• _WHAT YOU WILL DO_
Reproduce only the lines below from the line containing "a large white room" to the line containing "carpeted spare room", exactly as written, with both end lines kept. Omit the pictures.

═══ GIVEN ENTRIES ═══

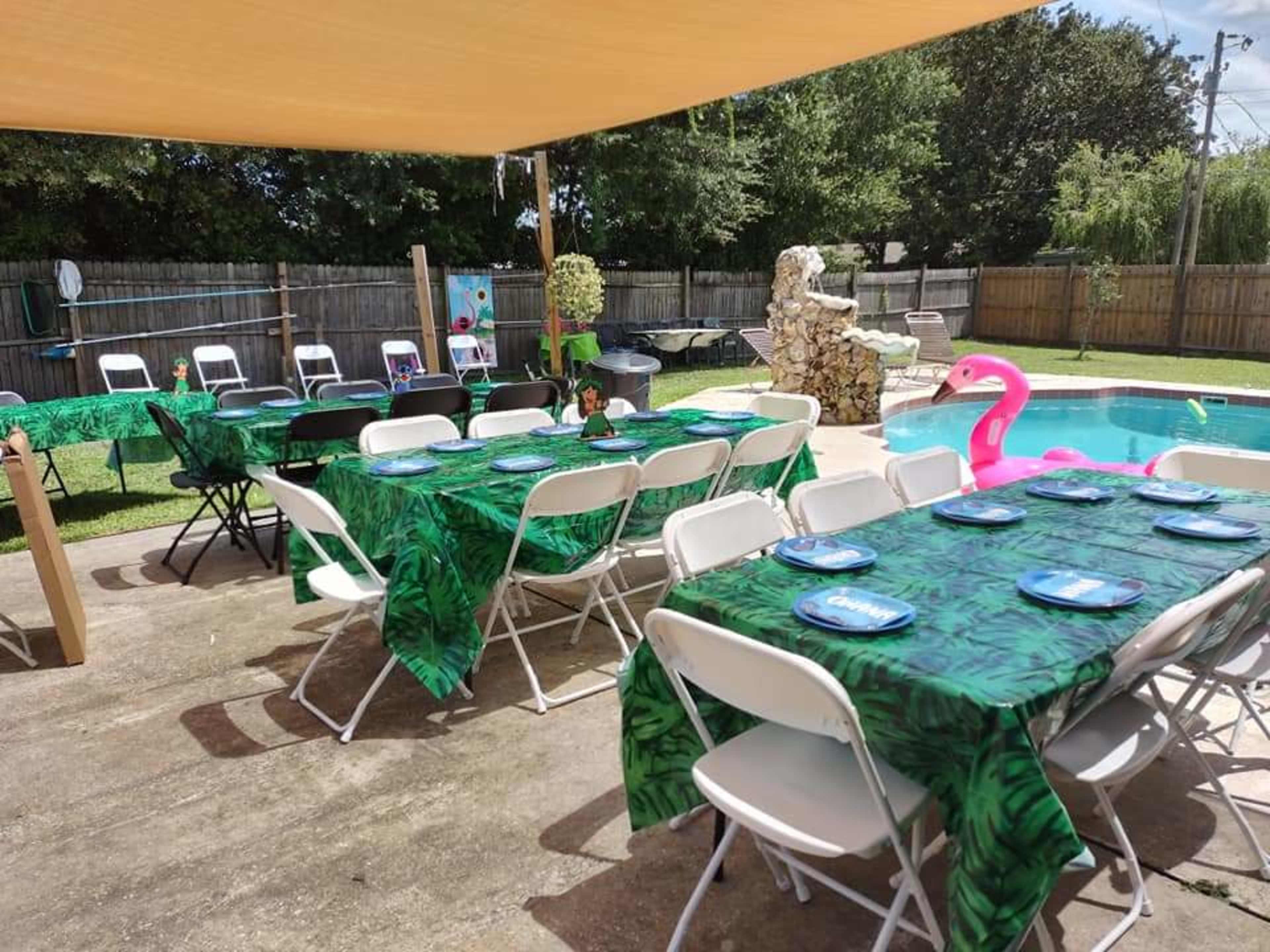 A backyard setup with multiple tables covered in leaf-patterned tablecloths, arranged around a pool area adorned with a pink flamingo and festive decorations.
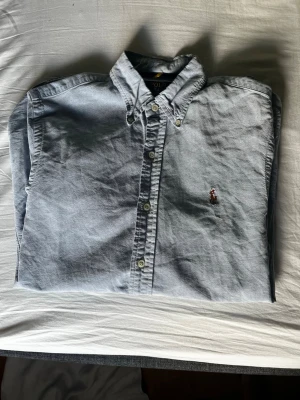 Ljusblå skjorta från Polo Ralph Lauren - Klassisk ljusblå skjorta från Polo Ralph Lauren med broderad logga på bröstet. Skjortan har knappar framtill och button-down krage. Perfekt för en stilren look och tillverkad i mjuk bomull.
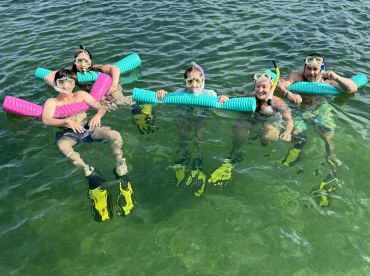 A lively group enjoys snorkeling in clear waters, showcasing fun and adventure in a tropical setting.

═══
═══ GIVEN ENTRIES ═══

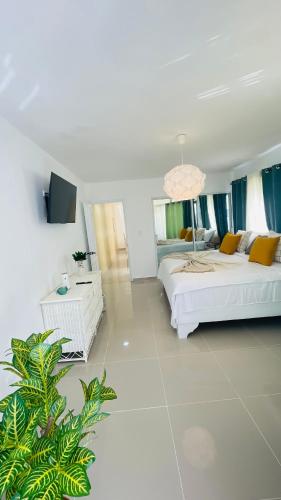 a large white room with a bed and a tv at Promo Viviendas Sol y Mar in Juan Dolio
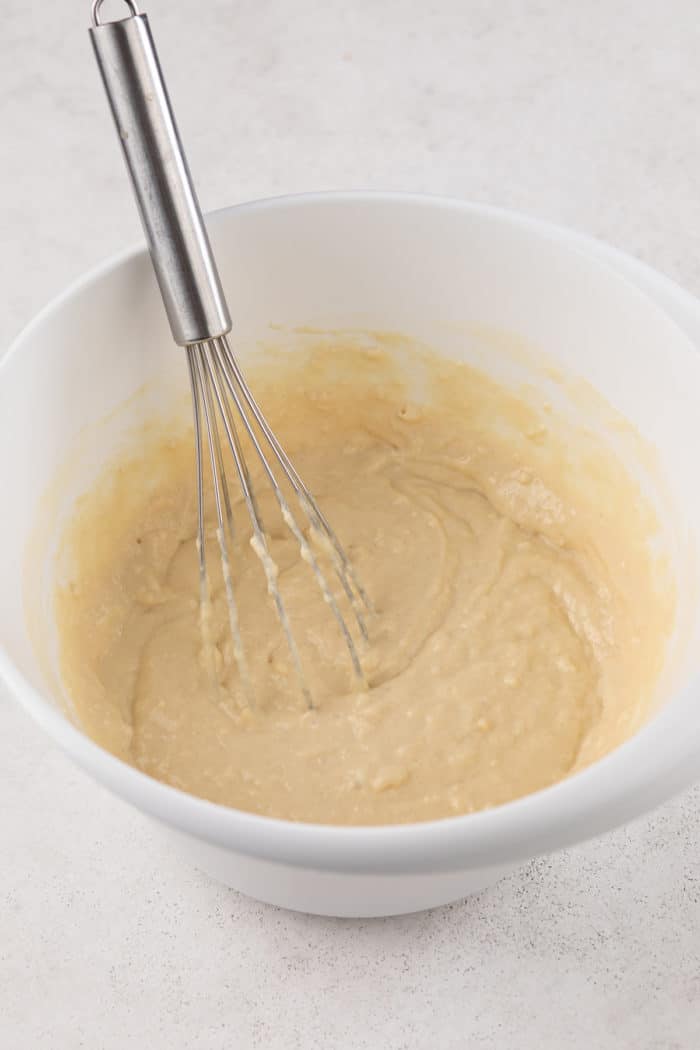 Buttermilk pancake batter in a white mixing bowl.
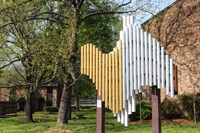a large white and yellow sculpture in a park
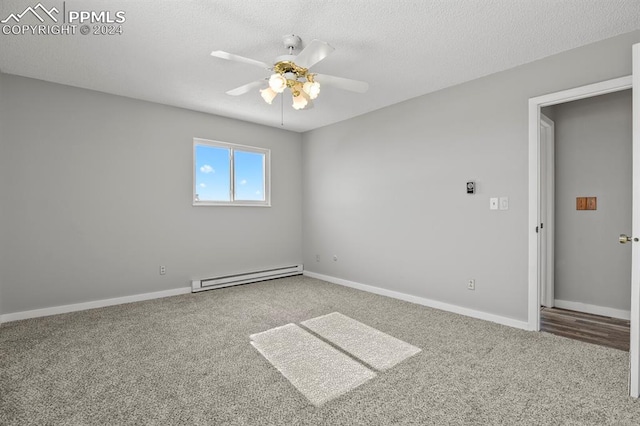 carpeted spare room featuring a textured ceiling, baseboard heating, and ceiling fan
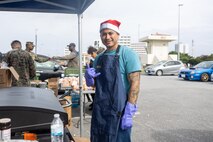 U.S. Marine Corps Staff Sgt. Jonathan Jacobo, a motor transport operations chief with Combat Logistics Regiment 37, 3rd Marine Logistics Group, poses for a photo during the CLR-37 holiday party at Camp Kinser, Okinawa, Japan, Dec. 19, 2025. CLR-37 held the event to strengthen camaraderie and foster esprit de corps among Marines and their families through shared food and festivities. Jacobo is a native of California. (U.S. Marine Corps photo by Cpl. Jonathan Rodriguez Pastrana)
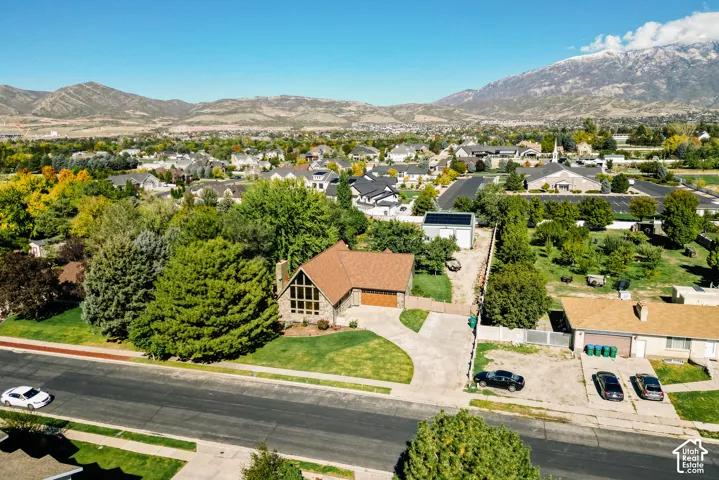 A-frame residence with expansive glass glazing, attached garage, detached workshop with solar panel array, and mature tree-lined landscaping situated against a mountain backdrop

═══

• _RESULT_
 a large white room with a bed and a tv at Promo Viviendas Sol y Mar in Juan Dolio
 Buttermilk pancake batter in a white mixing bowl.
a large white and yellow sculpture in a park
 carpeted spare room featuring a textured ceiling, baseboard heating, and ceiling fan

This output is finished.